Records from a data source:
***
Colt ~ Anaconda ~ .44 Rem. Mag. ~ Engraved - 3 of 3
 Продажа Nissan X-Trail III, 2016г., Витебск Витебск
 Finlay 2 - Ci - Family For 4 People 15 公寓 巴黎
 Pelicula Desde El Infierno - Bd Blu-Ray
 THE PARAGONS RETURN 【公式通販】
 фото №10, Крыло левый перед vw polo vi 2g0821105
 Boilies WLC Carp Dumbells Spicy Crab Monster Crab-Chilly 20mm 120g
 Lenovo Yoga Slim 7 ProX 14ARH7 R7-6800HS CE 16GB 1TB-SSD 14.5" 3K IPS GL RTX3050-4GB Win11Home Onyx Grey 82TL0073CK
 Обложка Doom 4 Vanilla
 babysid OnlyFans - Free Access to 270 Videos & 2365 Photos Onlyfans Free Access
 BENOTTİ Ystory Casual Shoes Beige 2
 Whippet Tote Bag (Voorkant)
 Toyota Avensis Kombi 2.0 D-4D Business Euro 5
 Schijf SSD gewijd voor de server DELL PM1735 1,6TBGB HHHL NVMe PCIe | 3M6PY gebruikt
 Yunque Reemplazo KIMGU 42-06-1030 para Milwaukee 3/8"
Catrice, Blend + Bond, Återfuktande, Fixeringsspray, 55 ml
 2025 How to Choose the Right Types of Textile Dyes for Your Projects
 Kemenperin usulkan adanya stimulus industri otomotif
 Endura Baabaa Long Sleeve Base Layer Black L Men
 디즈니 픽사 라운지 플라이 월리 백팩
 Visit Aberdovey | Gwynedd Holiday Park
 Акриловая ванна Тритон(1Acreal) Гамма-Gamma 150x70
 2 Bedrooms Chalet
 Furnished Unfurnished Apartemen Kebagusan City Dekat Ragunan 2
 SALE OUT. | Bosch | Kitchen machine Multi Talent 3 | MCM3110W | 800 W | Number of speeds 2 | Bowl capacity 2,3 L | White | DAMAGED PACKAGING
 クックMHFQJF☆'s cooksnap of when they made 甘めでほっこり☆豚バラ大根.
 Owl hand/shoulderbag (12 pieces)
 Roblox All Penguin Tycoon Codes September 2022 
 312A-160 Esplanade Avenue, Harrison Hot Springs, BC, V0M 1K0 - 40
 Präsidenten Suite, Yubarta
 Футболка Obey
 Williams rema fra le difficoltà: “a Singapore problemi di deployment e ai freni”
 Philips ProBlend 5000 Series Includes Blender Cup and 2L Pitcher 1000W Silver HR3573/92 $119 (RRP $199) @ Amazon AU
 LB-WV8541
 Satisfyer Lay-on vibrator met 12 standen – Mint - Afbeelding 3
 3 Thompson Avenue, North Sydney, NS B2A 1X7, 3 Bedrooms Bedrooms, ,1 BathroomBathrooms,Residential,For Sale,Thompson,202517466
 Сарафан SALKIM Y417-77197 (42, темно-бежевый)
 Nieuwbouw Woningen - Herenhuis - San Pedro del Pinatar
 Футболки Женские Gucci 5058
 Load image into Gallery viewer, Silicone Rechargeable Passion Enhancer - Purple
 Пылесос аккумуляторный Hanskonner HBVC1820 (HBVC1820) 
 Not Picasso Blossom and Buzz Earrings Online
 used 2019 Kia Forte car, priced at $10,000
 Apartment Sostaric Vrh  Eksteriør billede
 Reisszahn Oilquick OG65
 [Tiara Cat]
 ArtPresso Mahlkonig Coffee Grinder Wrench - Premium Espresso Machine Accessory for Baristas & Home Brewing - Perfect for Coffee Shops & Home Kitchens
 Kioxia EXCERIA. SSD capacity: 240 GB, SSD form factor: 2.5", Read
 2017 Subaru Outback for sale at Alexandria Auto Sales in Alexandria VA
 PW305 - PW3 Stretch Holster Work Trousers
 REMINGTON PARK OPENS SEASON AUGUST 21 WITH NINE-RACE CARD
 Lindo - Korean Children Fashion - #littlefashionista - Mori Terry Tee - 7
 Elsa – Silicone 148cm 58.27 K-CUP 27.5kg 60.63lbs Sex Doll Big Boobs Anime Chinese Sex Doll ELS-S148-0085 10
***
**Work instructions:** What you return must be the lines above that run from the line with "2025 How to" to the line with "Пылесос аккумуляторный Hanskonner", inclusive, each copied exactly.

**Output below:**
 2025 How to Choose the Right Types of Textile Dyes for Your Projects
 Kemenperin usulkan adanya stimulus industri otomotif
 Endura Baabaa Long Sleeve Base Layer Black L Men
 디즈니 픽사 라운지 플라이 월리 백팩
 Visit Aberdovey | Gwynedd Holiday Park
 Акриловая ванна Тритон(1Acreal) Гамма-Gamma 150x70
 2 Bedrooms Chalet
 Furnished Unfurnished Apartemen Kebagusan City Dekat Ragunan 2
 SALE OUT. | Bosch | Kitchen machine Multi Talent 3 | MCM3110W | 800 W | Number of speeds 2 | Bowl capacity 2,3 L | White | DAMAGED PACKAGING
 クックMHFQJF☆'s cooksnap of when they made 甘めでほっこり☆豚バラ大根.
 Owl hand/shoulderbag (12 pieces)
 Roblox All Penguin Tycoon Codes September 2022 
 312A-160 Esplanade Avenue, Harrison Hot Springs, BC, V0M 1K0 - 40
 Präsidenten Suite, Yubarta
 Футболка Obey
 Williams rema fra le difficoltà: “a Singapore problemi di deployment e ai freni”
 Philips ProBlend 5000 Series Includes Blender Cup and 2L Pitcher 1000W Silver HR3573/92 $119 (RRP $199) @ Amazon AU
 LB-WV8541
 Satisfyer Lay-on vibrator met 12 standen – Mint - Afbeelding 3
 3 Thompson Avenue, North Sydney, NS B2A 1X7, 3 Bedrooms Bedrooms, ,1 BathroomBathrooms,Residential,For Sale,Thompson,202517466
 Сарафан SALKIM Y417-77197 (42, темно-бежевый)
 Nieuwbouw Woningen - Herenhuis - San Pedro del Pinatar
 Футболки Женские Gucci 5058
 Load image into Gallery viewer, Silicone Rechargeable Passion Enhancer - Purple
 Пылесос аккумуляторный Hanskonner HBVC1820 (HBVC1820) 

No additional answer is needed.